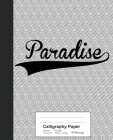 Calligraphy Paper: PARADISE Notebook By Weezag Cover Image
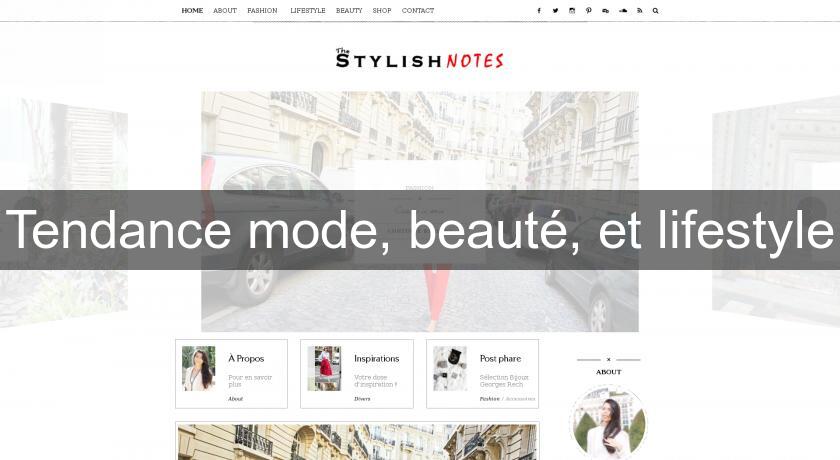 Tendance mode, beauté, et lifestyle Tendance mode, beauté, et lifestyle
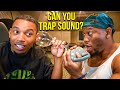 Zias B Lou TEST If You Can TRAP Sound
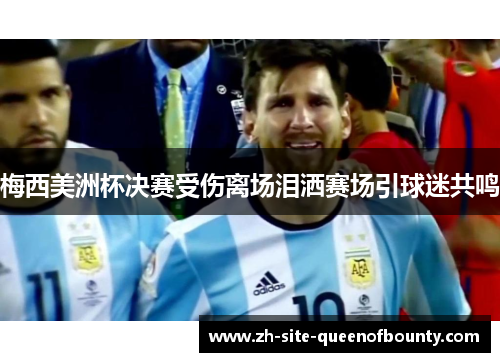 梅西美洲杯决赛受伤离场泪洒赛场引球迷共鸣 梅西美洲杯决赛受伤离场泪洒赛场引球迷共鸣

Instructions for the task. Pictures are skipped here. Print exactly, and only, the lines from the one holding "Zias B Lou TEST If You Can TRAP Sound" through the final line of the material above, both ends included.

Result.
 Zias B Lou TEST If You Can TRAP Sound
 梅西美洲杯决赛受伤离场泪洒赛场引球迷共鸣 梅西美洲杯决赛受伤离场泪洒赛场引球迷共鸣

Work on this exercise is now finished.